“Lefse is a rather unusual flatbread of Scandinavian origin…it is easy to prepare and delightful to eat.”
-James Beard, Beard on Bread
Since I grew up in northern Minnesota, where it seems like everyone has a Swedish great-grandmother, a Norwegian grandfather, or a Finnish surname, I am familiar with lefse. (And for the record, I’m also one-quarter Finnish.) Making a delicious batch of lefse seemed like the perfect way to start off my holiday weekend.
Here are the ingredients:
The brown bag in the front is cardamom, a spice which is frequently used in Scandinavian baking. My father makes an incredible cardamom bread using my great-grandmother’s recipe.
The lefse was easy to prepare–I just had to mix all the ingredients together and roll out the dough. I mixed 3 cups of flour into my dough instead of the 3 1/2 called for by the recipe, using the extra 1/2 cup to flour my rolling surface and the rolling pin.

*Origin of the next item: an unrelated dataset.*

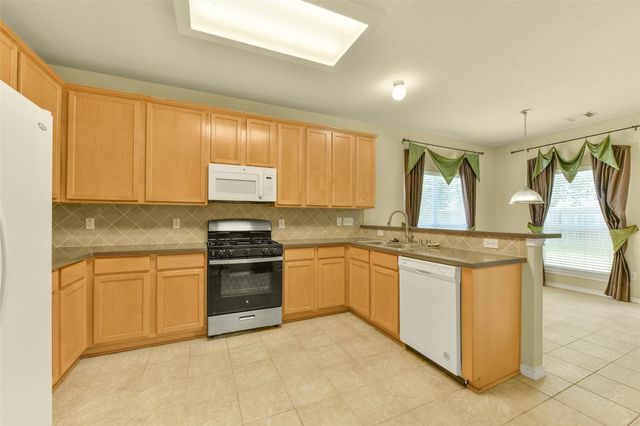2221 Silvercreek Court, Deer Park, TX 77536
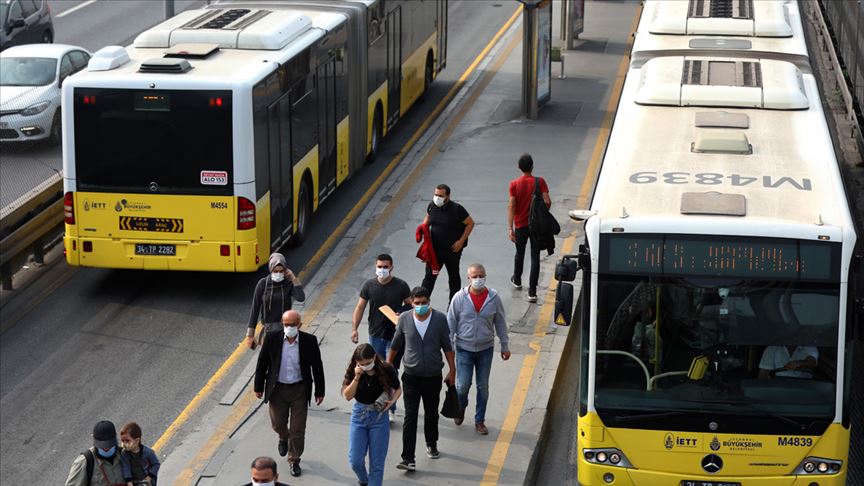 İstanbul’da toplu ulaşım Kovid-19 tedbirleri kapsamında yeniden düzenlendi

Lefse is definitely trickier than Beard lets on. In my experience, lefse is a very thin bread, about the thickness of a pancake, and it is served rolled up. Actually rolling dough that thin is a challenge. My first batch was definitely too thick–after cooking on the griddle the pieces puffed up to almost one-half inch. By the third batch, I was able to get a much thinner bread, but still not thin enough to roll up.
Thickness issues aside, the lefse was delicious. It had a perfect amount of sweetness and a delicate, rather than overpowering, flavor from the cardamom. Mike and I ate our way through most of the batch and just like Beard said it would be, it was delightful.